Mononucleosis-behandeling
Er is geen specifieke behandeling voor mononucleosis, omdat het lichaam het virus kan elimineren. Het wordt echter aanbevolen om te rusten en veel te drinken, zoals water, thee of natuurlijke sappen, om het herstelproces te versnellen en complicaties zoals ontsteking van de lever of een vergrote milt te voorkomen.
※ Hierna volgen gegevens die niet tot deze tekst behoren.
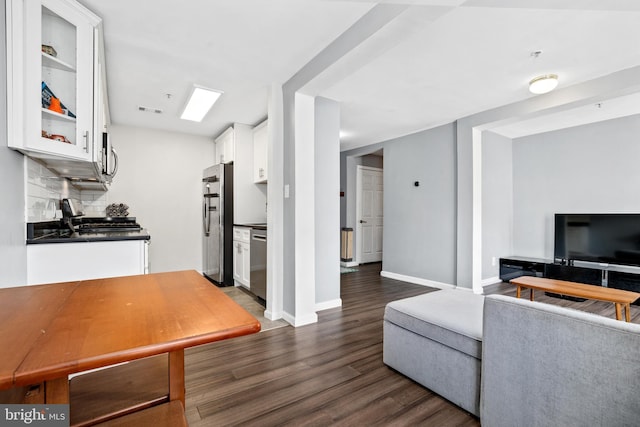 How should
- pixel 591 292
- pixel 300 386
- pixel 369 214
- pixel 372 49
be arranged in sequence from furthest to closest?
pixel 369 214 < pixel 591 292 < pixel 372 49 < pixel 300 386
In sommige gevallen kan de arts er echter voor kiezen om medicijnen voor symptoomverlichting aan te geven, en het gebruik van pijnstillers en antipyretica, zoals paracetamol of dipyron, kan worden aanbevolen om hoofdpijn en vermoeidheid te verlichten, of ontstekingsremmende geneesmiddelen, zoals ibuprofen of Diclofenac, om keelpijn te verlichten en water te verminderen. Als er andere infecties optreden, zoals bijvoorbeeld een tonsillitis, kan de arts ook het gebruik van antibiotica aanbevelen, zoals amoxicilline of penicilline.
Begrijp hoe mononucleosis wordt behandeld.
Mogelijke complicaties
Complicaties van mononucleosis komen vaker voor bij mensen die geen adequate behandeling krijgen of die een verzwakt immuunsysteem hebben, waardoor het virus zich verder kan ontwikkelen. Deze complicaties omvatten meestal een vergrote milt en een ontsteking van de lever. In deze gevallen komt hevige buikpijn en zwelling van de buik vaak voor en het wordt aanbevolen om een huisarts te raadplegen om de juiste behandeling te starten.
Daarnaast kunnen ook zeldzamere complicaties optreden, zoals bloedarmoede, ontsteking van het hart of infecties van het centrale zenuwstelsel, zoals bijvoorbeeld meningitis.